Performance problems turn listening into troubleshooting
Design debates are subjective. Freezing and lag are not. A music player should stay out of the way. When it stutters, pauses, or hangs, it stops being a background utility and starts demanding attention.
What I see users describe lines up with my own frustration:
- The app freezes during normal use.
- Playback and browsing do not always feel snappy.
- Basic actions take longer than expected for an Apple first-party app.
This matters because Apple Music is not a niche add-on. Apple bundles it into Apple One. Apple positions it as a core service. When the Mac app runs poorly, it makes the whole service feel less premium.
Small feature gaps add up fast
Sometimes the issue is not a crash. It is the missing little things that make a desktop app feel finished. These paper cuts add friction every day, and they change how often I reach for the Mac app at all.
A few examples that keep coming up:
- Resume playback should work reliably, at least on the same Mac, even if it does not sync across devices.

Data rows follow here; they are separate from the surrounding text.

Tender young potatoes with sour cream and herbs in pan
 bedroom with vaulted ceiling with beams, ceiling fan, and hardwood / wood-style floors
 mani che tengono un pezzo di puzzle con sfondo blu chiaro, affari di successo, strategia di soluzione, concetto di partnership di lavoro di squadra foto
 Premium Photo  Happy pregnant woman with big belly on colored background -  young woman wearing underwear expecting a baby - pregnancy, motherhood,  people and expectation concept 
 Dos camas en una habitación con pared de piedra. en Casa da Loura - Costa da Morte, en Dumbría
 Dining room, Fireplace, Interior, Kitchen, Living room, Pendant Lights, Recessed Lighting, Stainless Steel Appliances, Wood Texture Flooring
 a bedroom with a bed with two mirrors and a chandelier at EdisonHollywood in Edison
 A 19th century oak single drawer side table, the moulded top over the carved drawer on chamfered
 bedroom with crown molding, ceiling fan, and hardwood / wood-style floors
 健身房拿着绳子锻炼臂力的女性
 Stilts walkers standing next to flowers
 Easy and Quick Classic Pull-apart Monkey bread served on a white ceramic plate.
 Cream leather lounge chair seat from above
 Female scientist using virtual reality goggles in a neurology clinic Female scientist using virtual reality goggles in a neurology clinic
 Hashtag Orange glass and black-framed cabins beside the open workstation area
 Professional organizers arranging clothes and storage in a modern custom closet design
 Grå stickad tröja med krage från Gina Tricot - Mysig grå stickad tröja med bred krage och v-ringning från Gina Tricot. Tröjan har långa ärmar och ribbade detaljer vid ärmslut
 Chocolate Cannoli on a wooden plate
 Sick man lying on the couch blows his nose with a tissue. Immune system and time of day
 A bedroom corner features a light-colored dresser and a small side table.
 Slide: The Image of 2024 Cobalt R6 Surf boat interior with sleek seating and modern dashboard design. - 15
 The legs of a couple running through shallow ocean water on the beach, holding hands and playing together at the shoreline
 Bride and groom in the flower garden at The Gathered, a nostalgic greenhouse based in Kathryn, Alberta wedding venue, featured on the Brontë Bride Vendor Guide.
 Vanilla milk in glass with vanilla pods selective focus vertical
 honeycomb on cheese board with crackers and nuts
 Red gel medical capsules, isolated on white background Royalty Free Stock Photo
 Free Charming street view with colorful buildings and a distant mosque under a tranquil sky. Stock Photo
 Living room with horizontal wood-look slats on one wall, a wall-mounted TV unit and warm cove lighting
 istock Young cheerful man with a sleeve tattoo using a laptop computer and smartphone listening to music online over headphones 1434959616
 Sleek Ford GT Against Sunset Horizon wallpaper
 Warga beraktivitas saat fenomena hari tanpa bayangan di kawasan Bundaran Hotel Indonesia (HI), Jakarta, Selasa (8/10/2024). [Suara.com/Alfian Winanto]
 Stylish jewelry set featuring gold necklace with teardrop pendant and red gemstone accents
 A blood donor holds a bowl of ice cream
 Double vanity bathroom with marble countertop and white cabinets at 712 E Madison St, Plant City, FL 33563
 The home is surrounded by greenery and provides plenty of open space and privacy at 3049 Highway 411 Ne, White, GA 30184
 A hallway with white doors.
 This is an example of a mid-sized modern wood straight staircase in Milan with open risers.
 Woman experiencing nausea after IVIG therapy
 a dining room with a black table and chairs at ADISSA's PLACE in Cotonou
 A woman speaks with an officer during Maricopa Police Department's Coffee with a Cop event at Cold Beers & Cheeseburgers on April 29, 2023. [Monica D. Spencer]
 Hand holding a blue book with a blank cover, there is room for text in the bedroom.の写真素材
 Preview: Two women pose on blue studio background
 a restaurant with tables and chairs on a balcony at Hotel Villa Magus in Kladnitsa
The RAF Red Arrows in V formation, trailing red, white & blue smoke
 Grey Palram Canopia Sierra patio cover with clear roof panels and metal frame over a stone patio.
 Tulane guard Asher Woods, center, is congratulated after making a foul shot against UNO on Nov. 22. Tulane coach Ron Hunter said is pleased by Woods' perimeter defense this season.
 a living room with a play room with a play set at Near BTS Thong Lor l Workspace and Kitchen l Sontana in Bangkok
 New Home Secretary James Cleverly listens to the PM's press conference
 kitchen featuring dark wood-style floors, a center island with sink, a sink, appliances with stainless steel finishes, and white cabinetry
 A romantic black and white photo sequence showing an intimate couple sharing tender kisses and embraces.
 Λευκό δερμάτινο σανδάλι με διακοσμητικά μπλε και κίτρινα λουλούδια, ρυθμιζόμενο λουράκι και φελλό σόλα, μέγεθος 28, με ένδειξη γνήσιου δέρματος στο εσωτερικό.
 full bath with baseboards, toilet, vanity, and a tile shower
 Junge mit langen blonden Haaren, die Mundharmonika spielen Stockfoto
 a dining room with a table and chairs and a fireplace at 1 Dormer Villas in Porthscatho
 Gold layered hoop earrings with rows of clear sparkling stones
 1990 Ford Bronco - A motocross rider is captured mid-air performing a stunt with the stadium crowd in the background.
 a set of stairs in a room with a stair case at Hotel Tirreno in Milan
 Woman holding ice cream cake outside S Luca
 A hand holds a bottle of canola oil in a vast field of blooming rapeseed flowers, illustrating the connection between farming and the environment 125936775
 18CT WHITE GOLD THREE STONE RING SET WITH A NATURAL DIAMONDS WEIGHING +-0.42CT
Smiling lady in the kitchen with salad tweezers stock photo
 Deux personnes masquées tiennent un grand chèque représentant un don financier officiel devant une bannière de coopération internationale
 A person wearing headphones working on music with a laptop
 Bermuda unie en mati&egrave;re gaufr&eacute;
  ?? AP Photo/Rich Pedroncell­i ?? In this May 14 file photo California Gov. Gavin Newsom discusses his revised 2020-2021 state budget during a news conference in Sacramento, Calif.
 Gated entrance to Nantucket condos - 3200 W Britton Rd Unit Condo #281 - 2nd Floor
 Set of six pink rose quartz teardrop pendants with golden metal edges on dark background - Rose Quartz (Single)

- The app should remember sensible playback preferences in a way that matches how people use playlists.
- Keyboard control should feel modern and customizable, because desktop users rely on it.
None of these requests sounds radical. They sound like table stakes for a music app that wants to sit next to Safari, Notes, and Messages as a daily tool.
Updates sometimes feel like regressions, not improvements
The most worrying pattern is when updates ship with rough edges that feel obvious in real use. The complaints often describe UI behaviors that do not feel intentional, plus bugs that change how listening works. When users start listing multiple breakages after a single update, it creates one clear impression: Apple did not spend enough time living inside the app before shipping it.
Here are the kinds of regressions that spark real anger:
- Playlist folders behave unpredictably while navigating or reorganizing.
- Controls moving in ways that waste space and reduce clarity.
- Extra clicks are added to common actions like adjusting volume.
- Playback features interact in strange ways, like one setting affecting another in an unexpected fashion.
This is where the neglect argument becomes convincing. Bugs happen in any software. Still, a product at this scale should not ship with issues that many people can reproduce within an hour.
This stings more on the Mac
I do not think people complain because they want a music app to look like a social feed. Many Mac users want the opposite. They want clean, fast, and focused. That is exactly why the Mac app’s current state feels so disappointing. The problems are not about taste. They are about fundamentals.
Apple should treat Apple Music on Mac like a flagship app, because that is what it is. If Apple wants users to stay subscribed, the Mac client must feel stable, quick, and easy to navigate. Right now, too many users describe it as sluggish, inconsistent, and behind the curve.
Apple Music should feel like it belongs on the Mac. Today, it often feels like it ended up there by obligation.
I run Music on a M1 with approx 4227 songs on one Playlist. The Play function doesn’t work properly so I just use Shuffle. To change the song rotation from the songs I like to the top (even though) it doesn’t really matter in Shuffle I create another window and move the songs with in that. At least I found one of the biggest shortcomings on Music in Tahoe.